• _Task requirements_:
Reproduce the records below in full and without edits, omitting images.

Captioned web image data
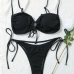 4Beach Black Tie Wrap 2 Piece Bikini Sets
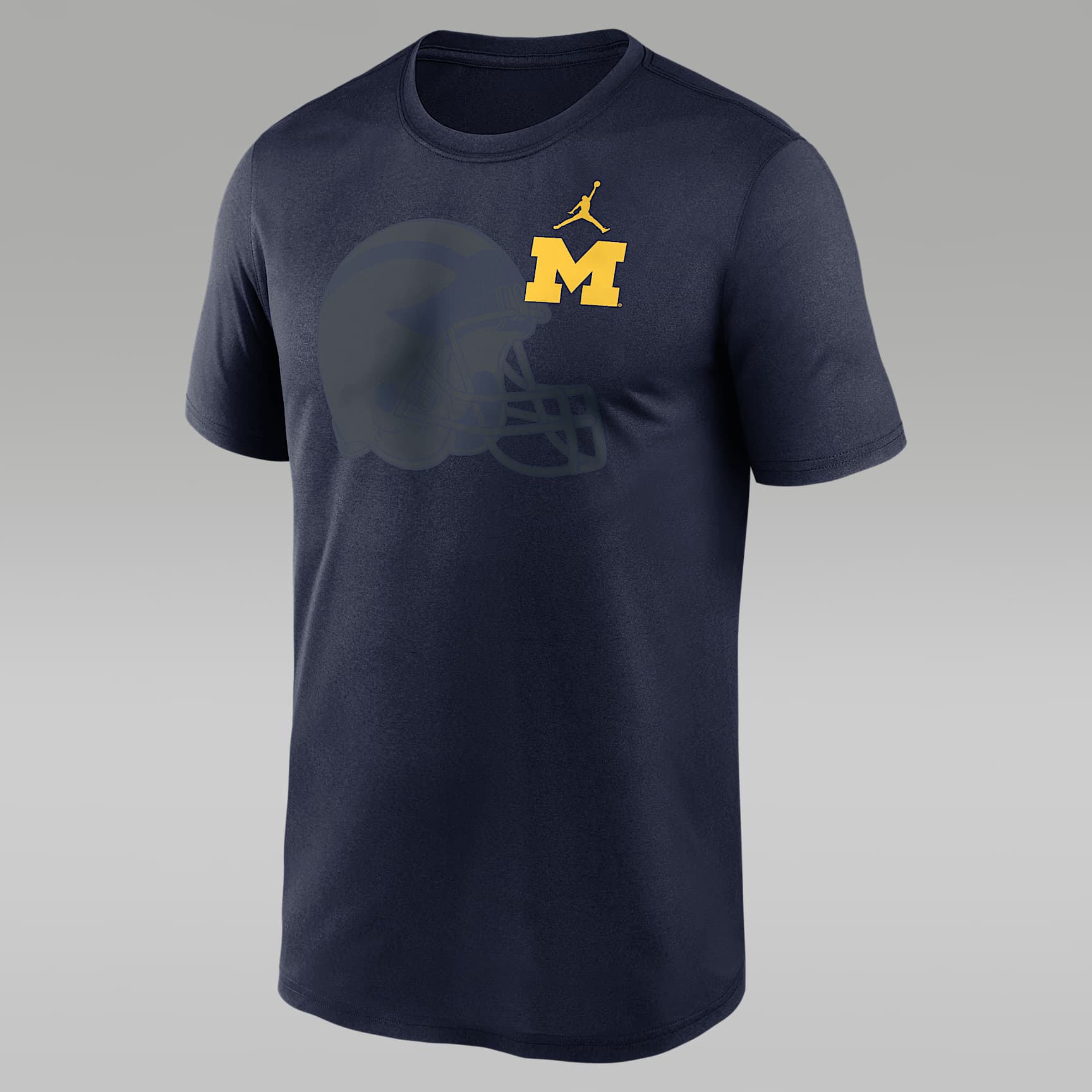 Michigan Campus Legend Shadow Logo Men's Jordan Dri-FIT College T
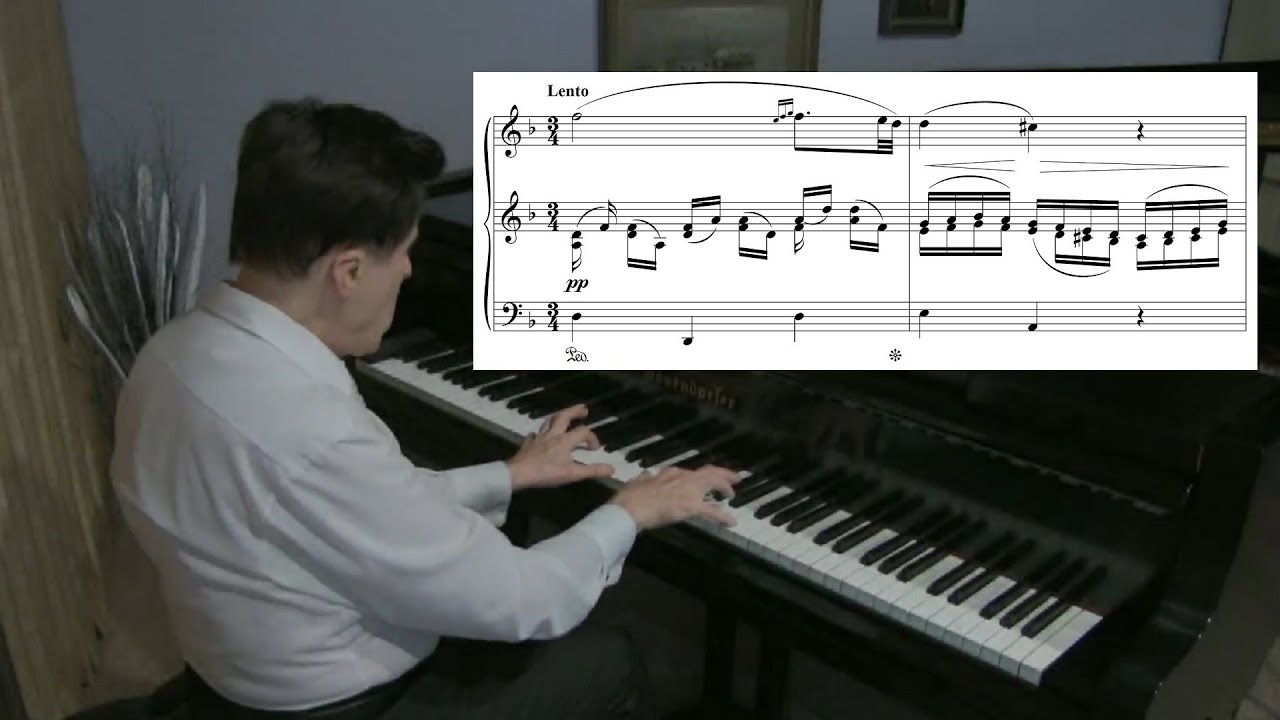 Gluck-Sgambati, Melody from Orfeo ed Euridice (with score), performed by Robert Cunningham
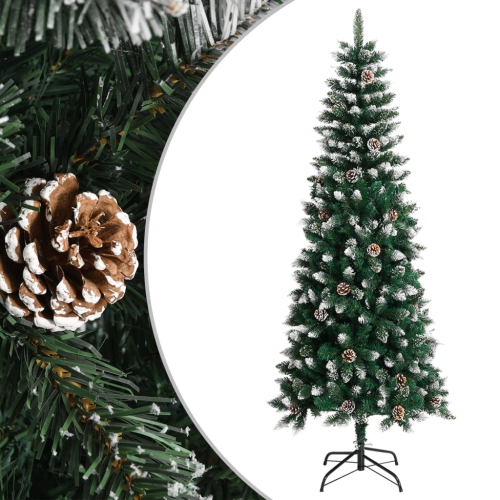 VIDAXL  Artificial Christmas Tree With Stand 210 Cm Pvc In Green
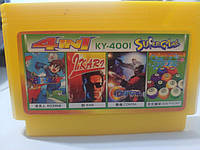 Сборник игр на dendy 4 в 1 KY-4001 (ROCKMAN, IKARI,CONTRA,SIDE POCKET)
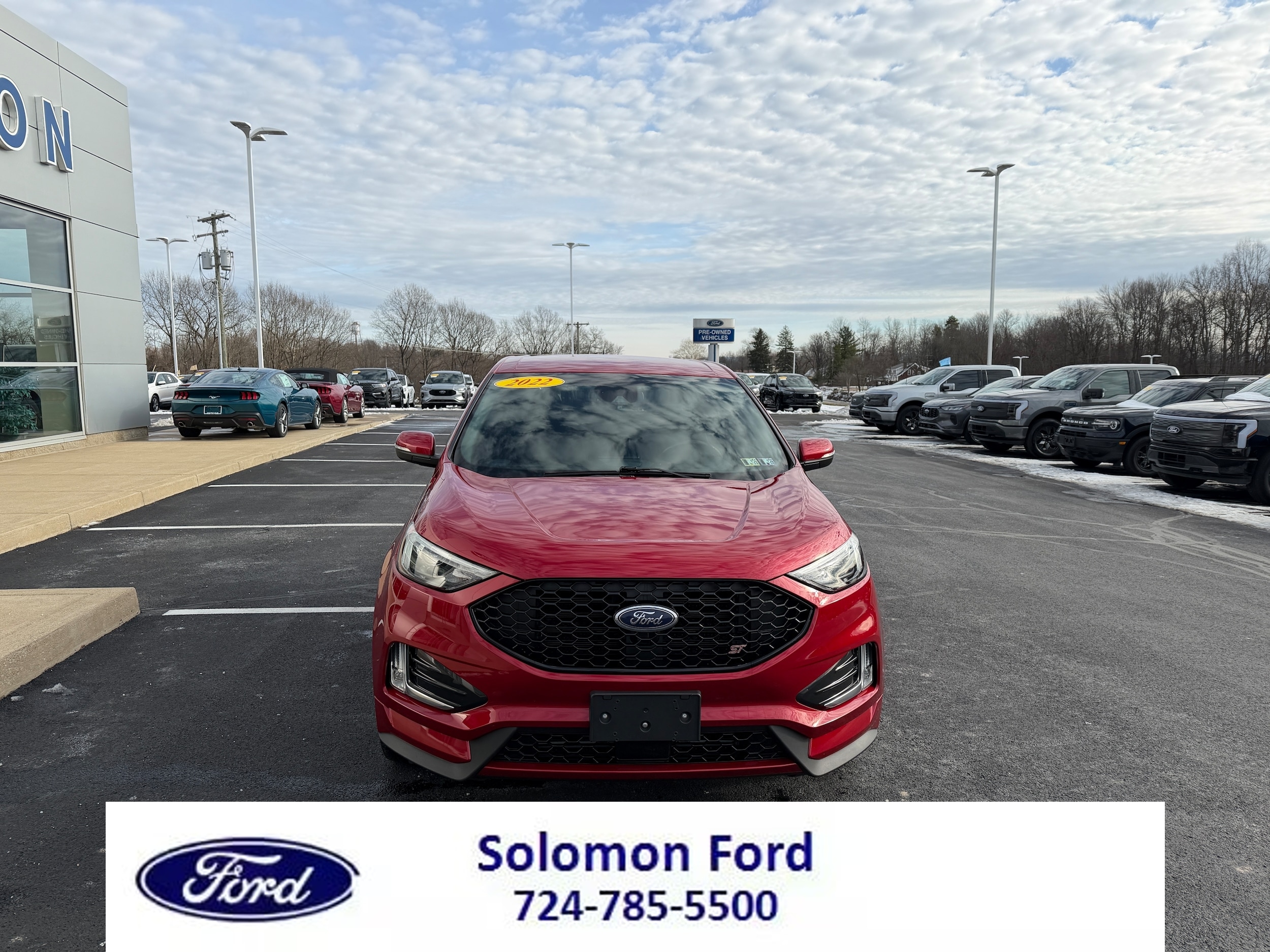 Rapid Red 2022 Ford Edge ST AWD SUV / Crossover All-Wheel Drive Automatic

• _Solution to the exercise_:
 4Beach Black Tie Wrap 2 Piece Bikini Sets
 Michigan Campus Legend Shadow Logo Men's Jordan Dri-FIT College T
 Gluck-Sgambati, Melody from Orfeo ed Euridice (with score), performed by Robert Cunningham
 VIDAXL  Artificial Christmas Tree With Stand 210 Cm Pvc In Green
 Сборник игр на dendy 4 в 1 KY-4001 (ROCKMAN, IKARI,CONTRA,SIDE POCKET)
 Rapid Red 2022 Ford Edge ST AWD SUV / Crossover All-Wheel Drive Automatic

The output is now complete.